Graphite Diamond Outshines Noisy Async Coding Agents, Jessie Frazelle Finds

Jessie Frazelle’s Agentic Engineering session tested async coding agents on real production code. Most added noisy, low-value comments; Graphite Diamond stood out by interjecting only on substantive issues, boosting usefulness while still requiring human verification.

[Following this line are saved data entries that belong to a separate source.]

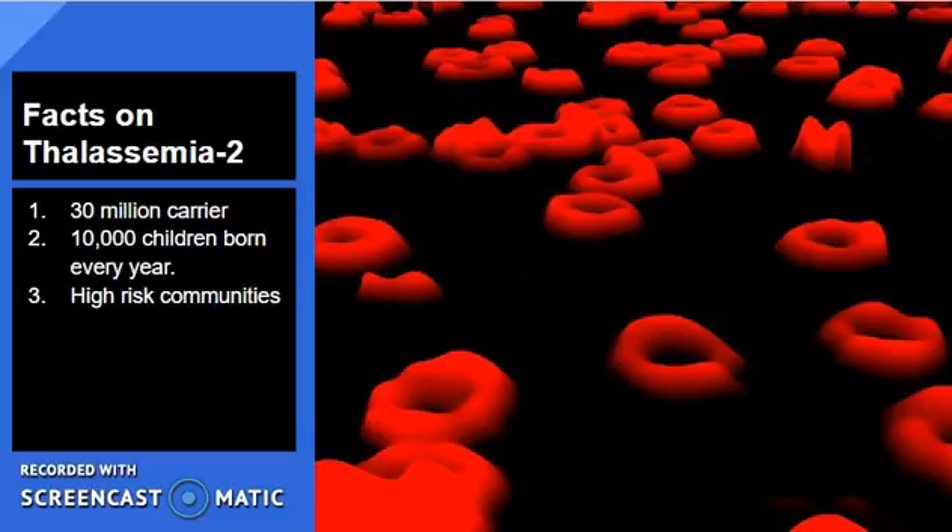Around 300,000 to 400,000 babies are affected by Thalassemia every year. Around 30 to 35 million carriers live in India. Currently, 10,000 Thalassemia major children are born every year. Some of the high-risk communities in India are Sindhis, Punjabis, Gujaratis, and Muslims.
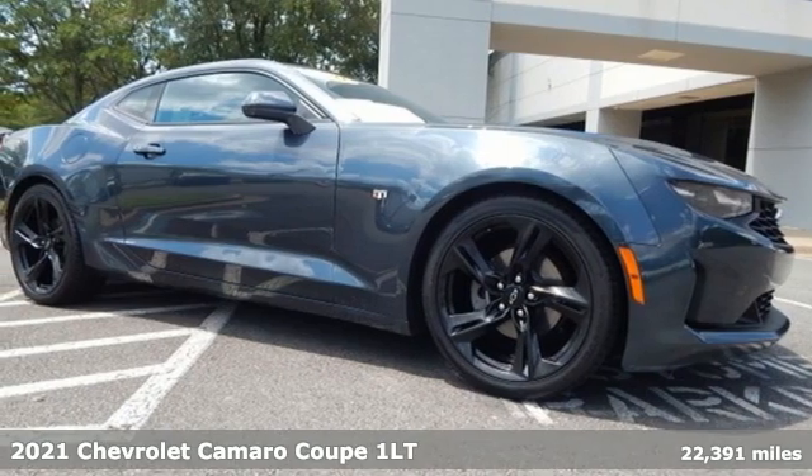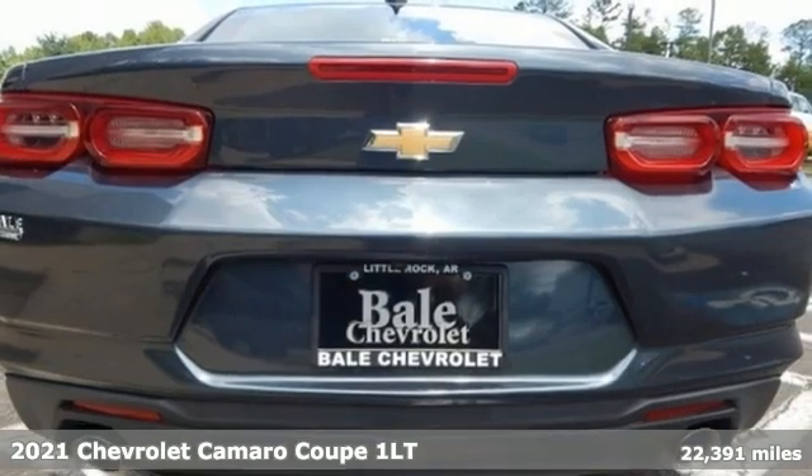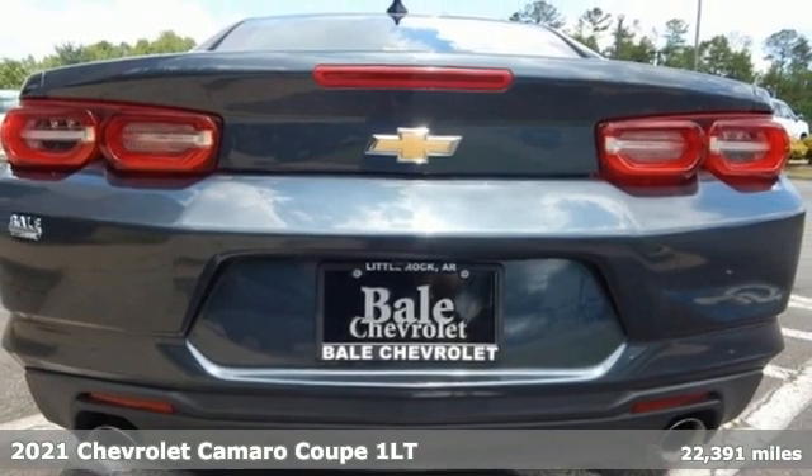Here's a 2021 Chevrolet Camaro. If you love to drive, you will love this Camaro.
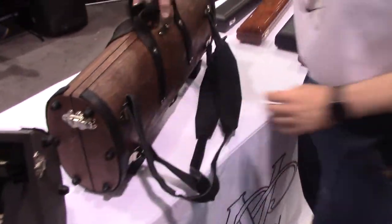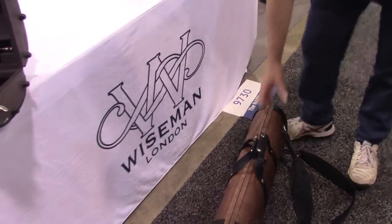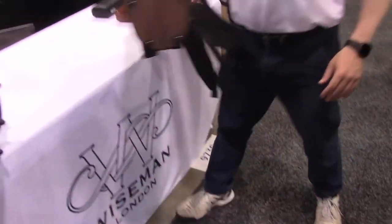You'll notice how the case bounces. So you've got the shock absorbing on the outside and you've got the shock absorbing on the inside too.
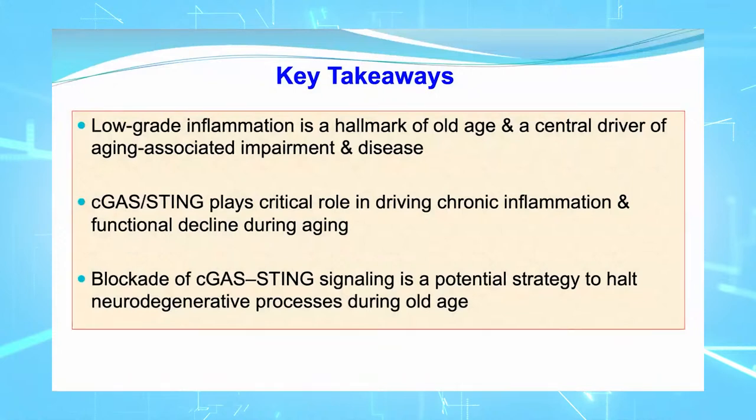Key takeaways: low-grade inflammation is a hallmark of old age and a central driver of aging-associated impairment and disease. cGAS-STING plays a critical role in driving this chronic low-grade inflammation and functional decline during aging. Blockading cGAS-STING signaling could be a potential strategy to halt neurodegenerative processes during old age.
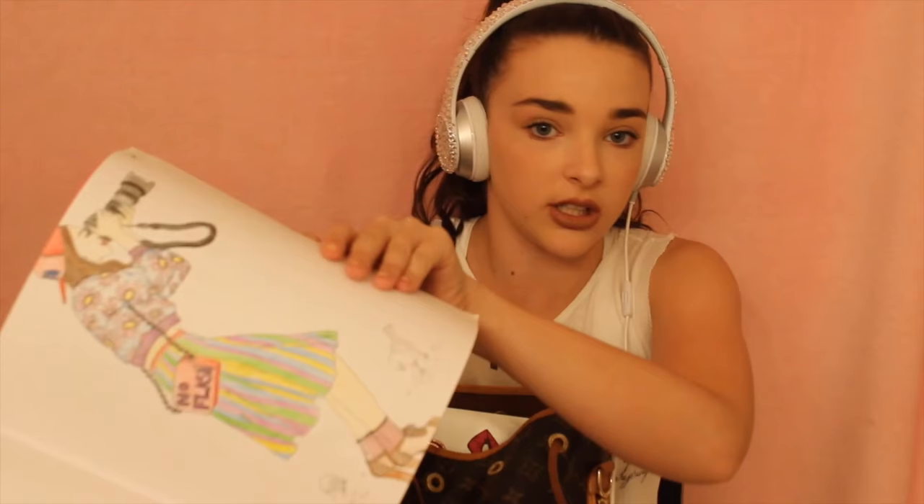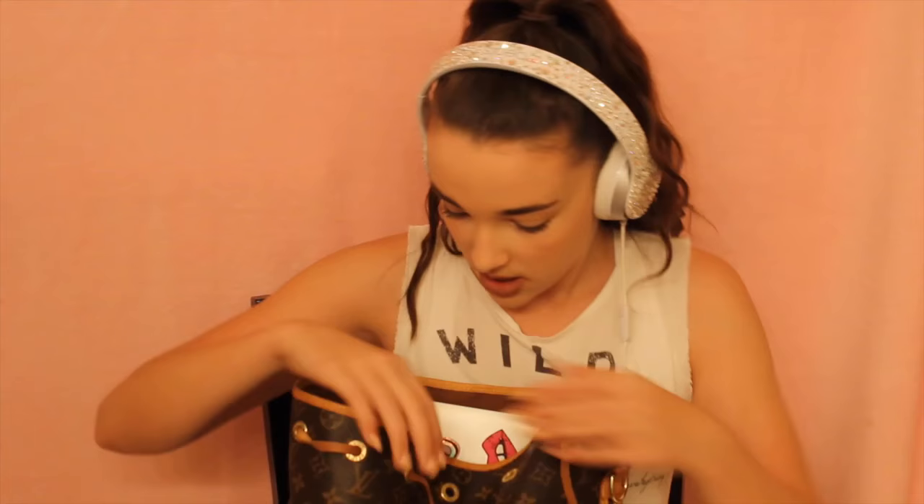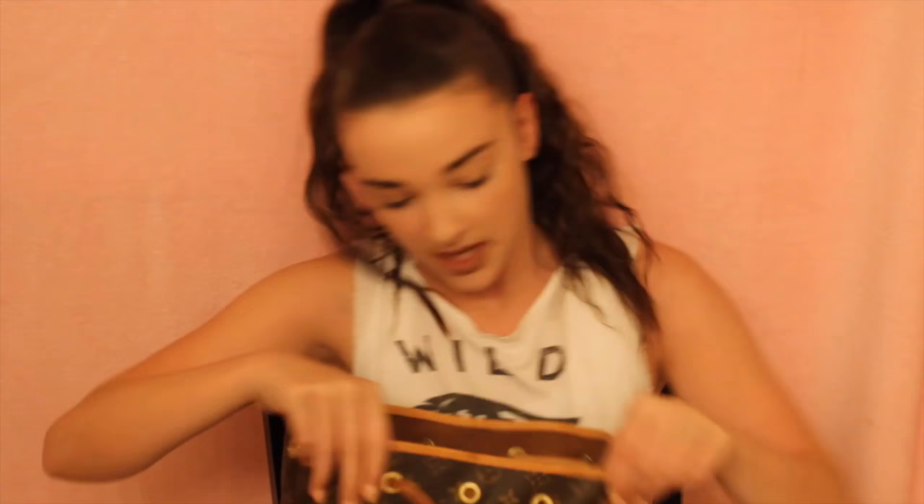And then I have my adult coloring book. I'll show you some of the pages I colored. I colored this page, this page, and then this page. And then I have my computer — this is my school computer. My sticker is so cute. You probably saw my computer in my best friend tag.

Graphite Diamond Outshines Noisy Async Coding Agents, Jessie Frazelle Finds

TL;DR

  • Most async agents generate low-value noise; Copilot and Sourcery noted for commenting on every PR, producing hallucinated summaries, and sometimes editing reviewer comments.
  • Graphite Diamond: doesn't comment unless it finds substantive issues; flagged real bugs across Rust, C++, Python, and TypeScript (math bugs in CAD, subtle logic errors, DSL variable mismatches); configurable prompts and CI-friendly behavior. https://diamond.graphite.dev/
  • Trust, but verify: suggestions treated as a second pair of eyes, not a replacement; inspect outputs for high-stakes subsystems (geometry solvers, manufacturing instruction generators) and unfamiliar languages.
  • Practical takeaway: async agents are not a panacea; value comes from restraint, meaningful interventions, and careful integration into workflows.
  • Further resources: full session on YouTube; Agentic Engineering; Zed Download now; Join the team

Jessie Frazelle’s recent Agentic Engineering session evaluated a range of async coding agents against real production code, and the standout was Graphite Diamond — not because it talked the most, but because it spoke only when it had something substantive to add.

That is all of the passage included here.